Now we'll move on to the big stuff. I read three articles, all written by Drew Koehler, all shitty. The first was a review of the movie Legion. On top of being a bad review in general (synopsis is not analysis!), the fact that it is a Christian review kills any objective judgment that may have been. Let me clarify. Christian review and review by a Christian are impossibly different, incompatible, and non-interchangable. The former is an advertisement or brand name, the latter a triviality. I personally don't think the movie looks very good, but his opinion of it is so inappropriately defined and clouded by his faith, that I can't help but jump to the movie's defense. He doesn't seem to understand that this is a fantasy. The filmmakers obviously didn't care about properly representing any aspects of the Bible or Christianity at all, so why should you care? Quit bitching, take your Prozac, and get back in the tollbooth. The funny part is that he complains about some baby in the movie being portrain as a savior, and that the baby is not Jesus. Really? You'd think he'd have a problem with the whole "angels exterminating the human race" plot of the movie, but whatever. Not to mention his attempt to convert readers in the final paragraph. If I wanted a message, I'd check my answering machine.

The second article I read was a review of the video game Dante's Inferno. Not much worth mentioning here, it's still objectively unobjective criticism thanks to the religious slant, but Koehler never once mentions the source material, Dante's Divine Comedy. He's probably never even heard of it, which is almost hypocritical of him, but the real high point of the review is his obsessive dismissal of nudity. He claims to have played through The Godfather II video game to its entirety, and reasons he shouldn't have since the game was full of nudity, and that doesn't sit well with his perception of women... or something. Then towards the end of his Dante's Inferno review (after listing some examples of nudity in that particular game) he exclaims:

"I don’t want to see the devil’s package (yes at the end he’s naked)."
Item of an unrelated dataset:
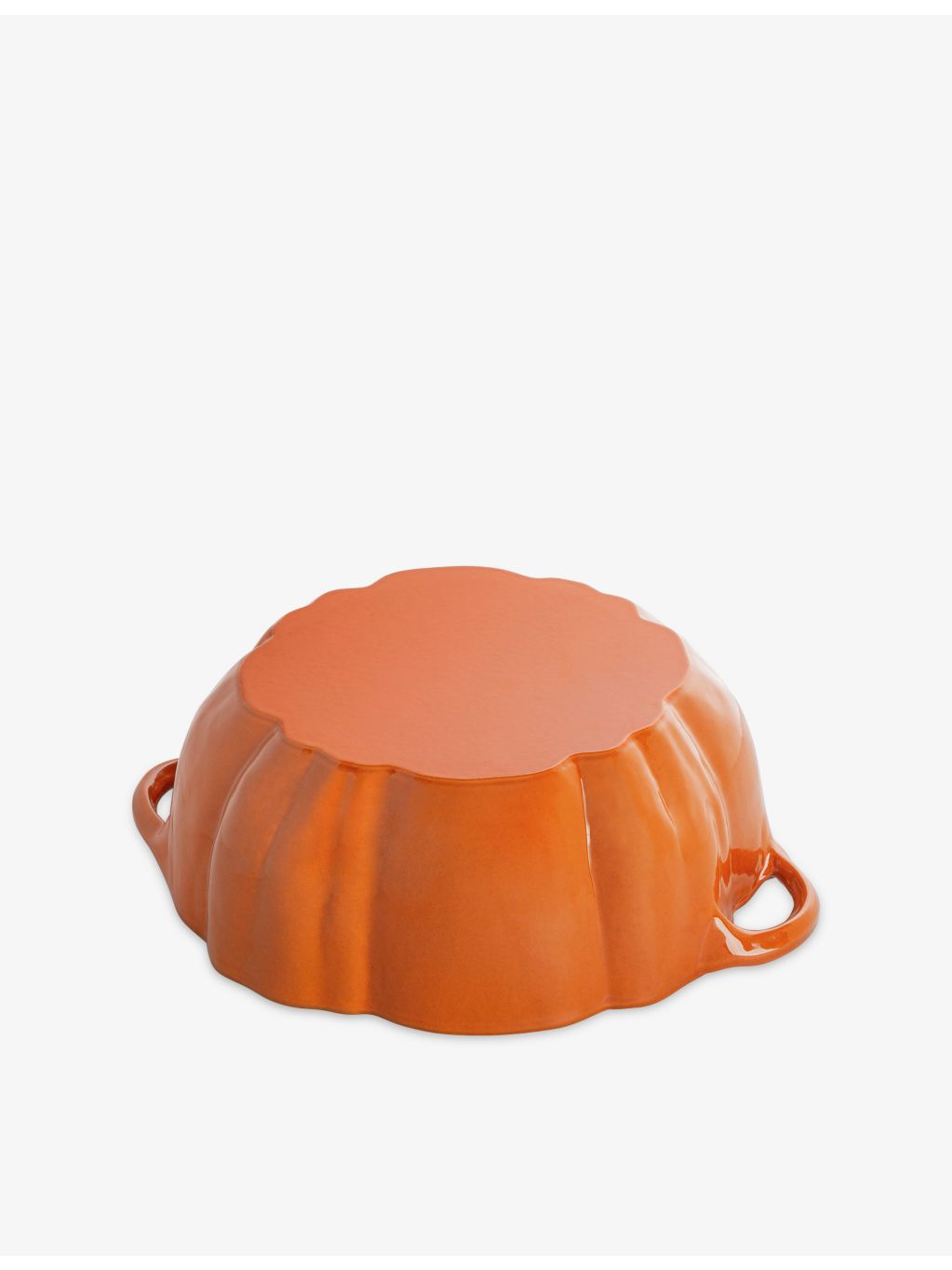Staub pumpkin cocotte cast-iron casserole dish 24cm, imported from the UK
At the end. He played through the whole damn game, even after his Godfather II episode. What a tool! Do you think the game companies care whether or not you're a Christian, or are offended by nudity when you've already spent money on their product? Yeah, probably not.

The third article is below any form of discussion, but there is one really hilarious sentence:

"Bare in mind that this game doesn’t come off as being tactical at all."

Bare? Maybe he doesn't like bears, but more likely, the hypocrite's got nudies on the mind. Oh, God.


PLAGIARISM DISCLAIMER: I may have stolen certain phrases from this guy on YouTube. I apologize. His videos are so funny and brilliant that my rhetoric is forever changed.